• Problem details:
Pictures excluded, please retype exactly the lines from the start of the data through the line that contains "Operações 2010/2011", both ends kept, and nothing beyond them.
= Beginning of Section =
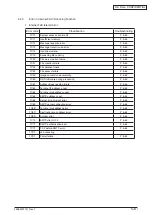 Preview for 101 page of Oki MC770 series Maintenance Manual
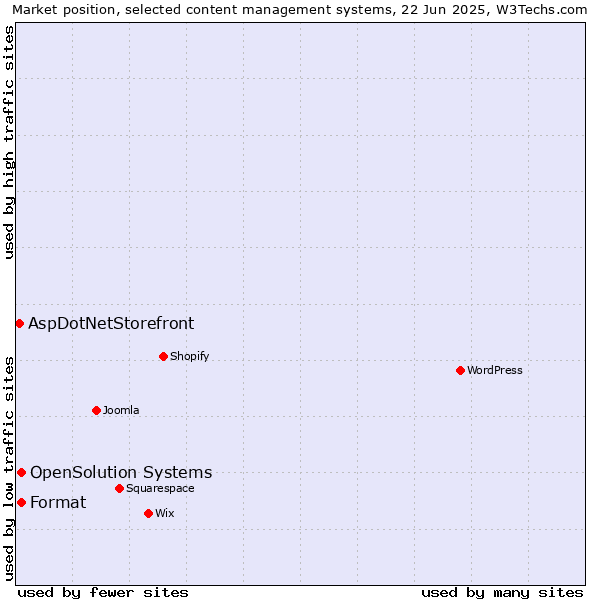 Market position of Format vs. OpenSolution Systems vs. AspDotNetStorefront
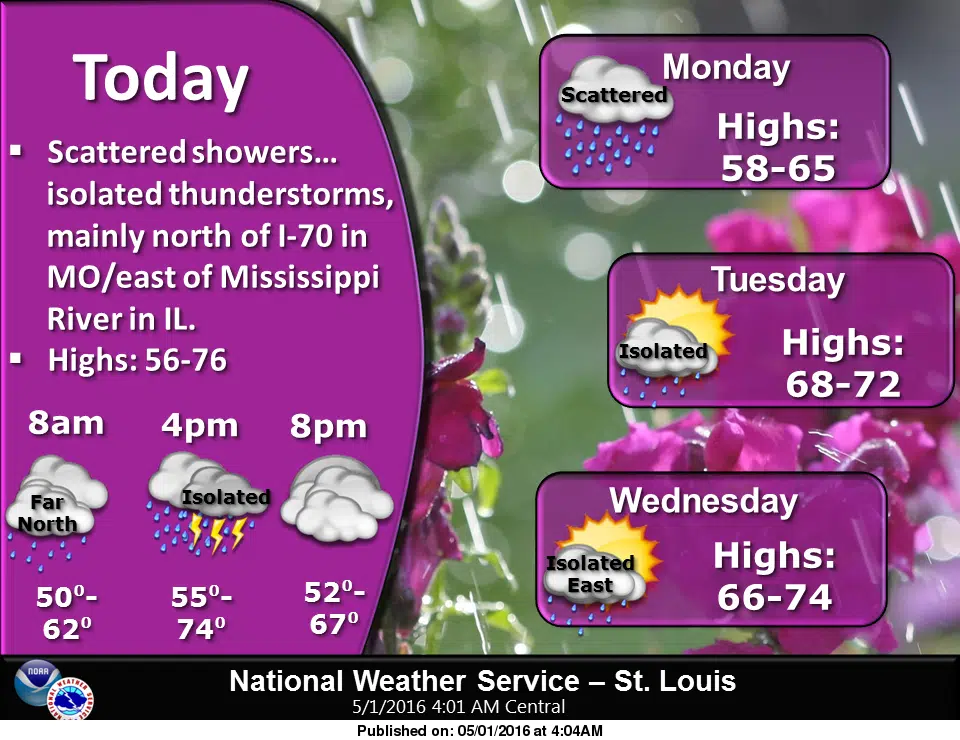 Could see a shower, isolated thunderstorm this afternoon then cooler temps on Monday 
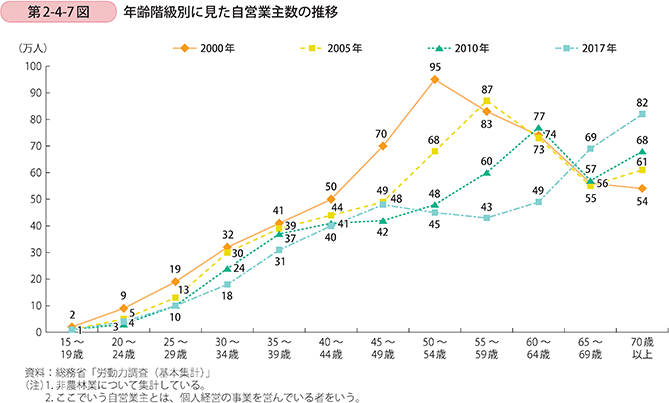 第2-4-7図 年齢階級別に見た自営業主数の推移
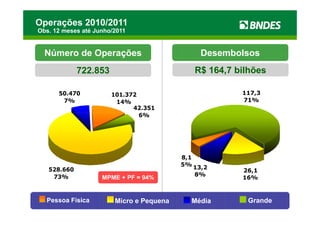 Operações 2010/2011
Obs. 12 meses até Junho/2011


  Número de Operações                          Desembolsos
             722.853                         R$ 164,7 bilhões

      50.470           101.372                         117,3
       7%               14%                            71%
                             42.351
                               6%




                                          8,1
                                          5% 13,2
   528.660                                             26,1
    73%                                      8%
                    MPME + PF = 94%                    16%



  Pessoa Física         Micro e Pequena     Média       Grande
 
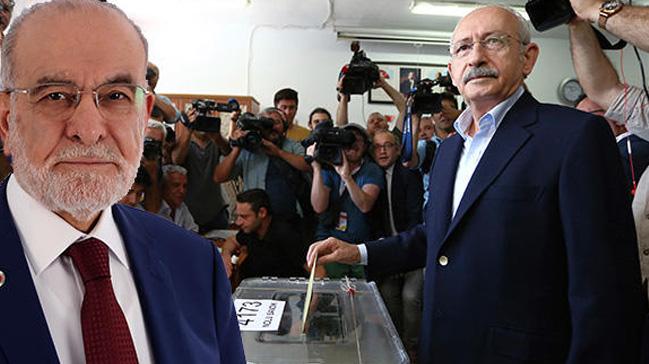 Saadet'in oylar CHP'ye yarad... CHP, 11 ilde yllar sonra vekil kard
= End of Section =
• Problem solution:
 Preview for 101 page of Oki MC770 series Maintenance Manual
 Market position of Format vs. OpenSolution Systems vs. AspDotNetStorefront
 Could see a shower, isolated thunderstorm this afternoon then cooler temps on Monday 
 第2-4-7図 年齢階級別に見た自営業主数の推移
 Operações 2010/2011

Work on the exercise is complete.